Ou celui qui n'aime pas ce qui fâche...
Le blues du Mali pète la forme en ce début d'année. D'abord, parce qu'on annonce le retour du sage Ali Farka Touré pour très bientôt. Nous vous en reparlerons sans doute. Ensuite, parce que Lobi Traoré, qui reste l'un de ses proches amis en musique comme dans la vie, signe un nouvel album intitulé "Duga" (Cobalt/Mélodie).
Enregistré dans le fameux studio bamakois Bogolan, il irradie de nostalgie sahélienne, tout en s'immisçant dans la sainte philosophie du bonheur retrouvé. Pas de mots qui fâchent, juste un besoin vital de chanter "le bon", comme il dit. Des notes qui tirent leur force du terroir bambara, aidées en cela par l'énergie que dégagent les sons mêlés du patrimoine et de l'urbain. Autrement dit, un cocktail de "cool trad" et d'électrique sensation qui prétend résumer une fois encore l'essence même du blues sur ces terres, d'où il était parti il y a plus d'un siècle pour les terres lointaines de l'Amérique noire. Avec Vincent Bucher et son harmonica pour corser le tout.
Né avec les indépendances africaines (61) à côté de Ségou sur le fleuve Niger, Lobi, tête ronde et sourire aux lèvres, est entré en musique à l'âge de 16 ans, en reprenant dans une formation folklorique le répertoire bambara au chant. Et malgré les réticences de son père pour qui la musique n'est pas un métier : "Jouer de la musique pour lui, c'était vouloir faire le griot, or ce n'était pas une tradition familiale". Fasciné par la guitare de son instituteur, il lui faudra attendre sa venue à Bamako, avant d'aligner ses premières notes heureuses dans l'orchestre de Lassana Kouyaté, qui lui vend sa première guitare à coups de retenues mensuelles sur le salaire. Il semble qu'elle lui tenait tellement à coeur, qu'il dormait avec. Un passage ensuite dans le Djata Band, l'orchestre de Zani Diabaté, lui fait prendre le chemin caillouteux de la carrière solo. De mariage en bar, il ira. Et son talent finira par avoir raison du public au début des années 90. Tout comme il a fini par séduire le public de La Flèche d'Or à Paris. A coups de guitare, calebasse, harmonica et djembé. Entretien :
RFI Musique : S'il vous fallait résumer ce nouvel opus en quelques mots, que diriez-vous?
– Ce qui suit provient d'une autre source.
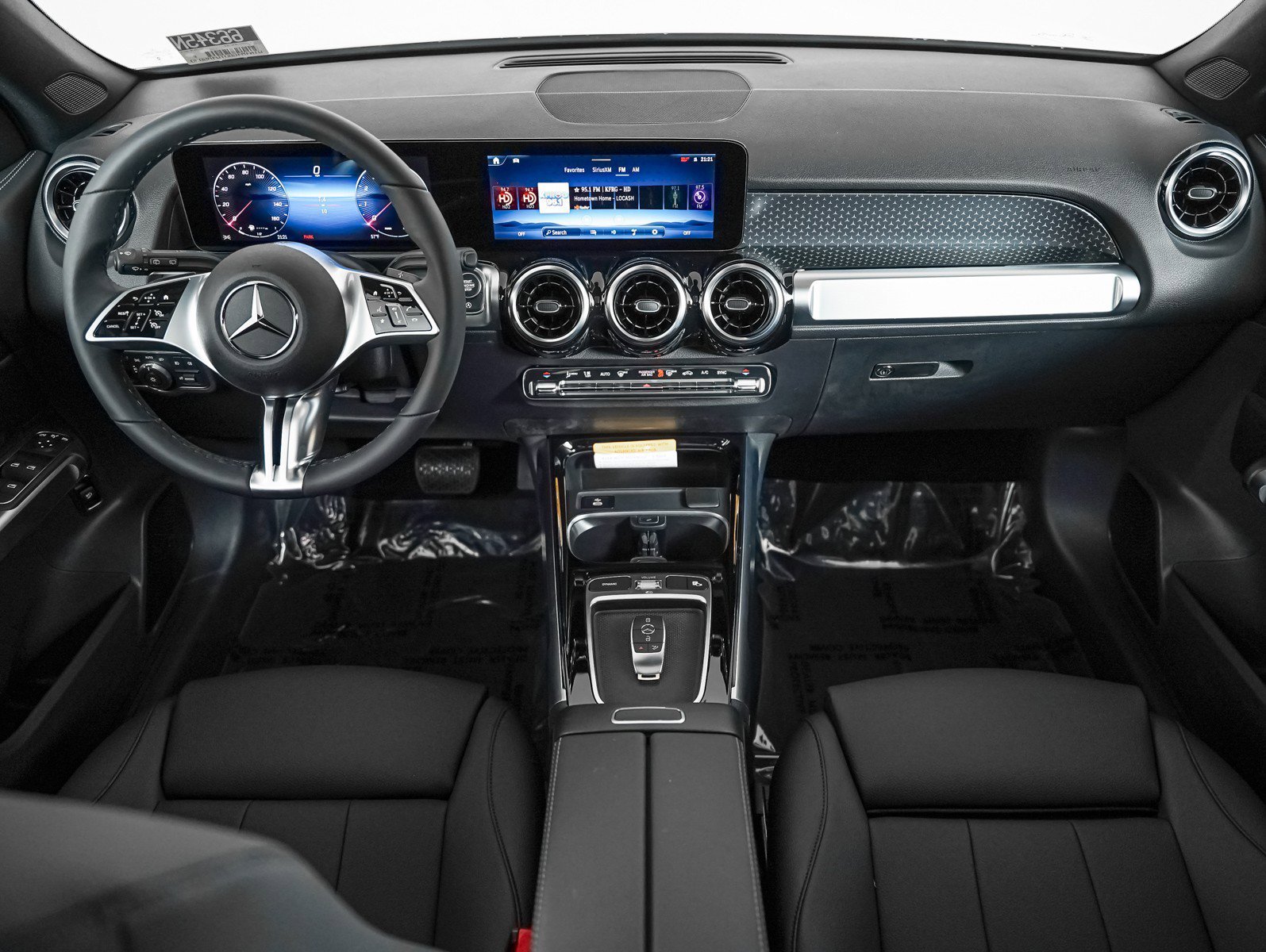 New 2026 Polar White Mercedes-Benz GLB 250 image 12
Lobi Traore : Cet album est un véritable cadeau du ciel et j'en suis fier. Avant même de sortir de studio, les gens à Bamako avaient l'air d'apprécier. Le public proche semblait déjà convaincu par ce répertoire... rien qu'en écoutant la maquette. Toutes mes productions, depuis ma première cassette jusqu'à cet album, m'ont demandé des efforts particuliers. Mais j'ai vraiment l'impression d'avoir travaillé encore plus que d'habitude sur celle-ci.
Comment ce sentiment se traduit-il musicalement ?
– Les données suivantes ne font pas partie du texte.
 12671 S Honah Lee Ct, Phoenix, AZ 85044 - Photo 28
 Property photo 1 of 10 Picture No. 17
Sur mes précédents albums, j'ai essentiellement utilisé des guitares avec des percussions. Sur celui-ci, j'ai introduit deux nouveaux éléments. Il y a d'abord le n'goni, un instrument à corde traditionnel, qui est à ranger au même niveau que la kora question prestige. Un instrument que mon grand-père jouait mais que je n'ai jamais cherché à utiliser dans ma musique. Il y a ensuite l'harmonica de Vincent Bucher. Ces deux instruments apportent une nouvelle couleur à mes compositions.
Comment avez-vous justement rencontré cet harmoniciste français ? On sait qu'il n'en est pas à sa première expérience sur le label qui vous produit...
Vous savez... nous, les artistes, nous jouons avant tout pour faire plaisir au public. Lors d'un concert à Paris, Vincent est venu taper le boeuf sur deux morceaux. Son harmonica est bien rentré dans mon répertoire. Le public a tranché. Il a beaucoup aimé. Du coup, j'ai demandé à mon producteur de nous faire bosser ensemble. Il est venu me rejoindre à Bamako pendant quelques temps. De là, nous sommes partis en tournée. Nous avons fait une première date au Burkina, nous avons continué au Canada, en Afrique du Sud... C'est une histoire qui dure depuis trois ans. C'est à la suite de ça qu'il est venu travailler sur l'album.
On a l'impression que votre blues se relâche sur "koroduga" et "sogow". Ces deux titres de l'album s'engagent sur une rythmique beaucoup plus entraînante...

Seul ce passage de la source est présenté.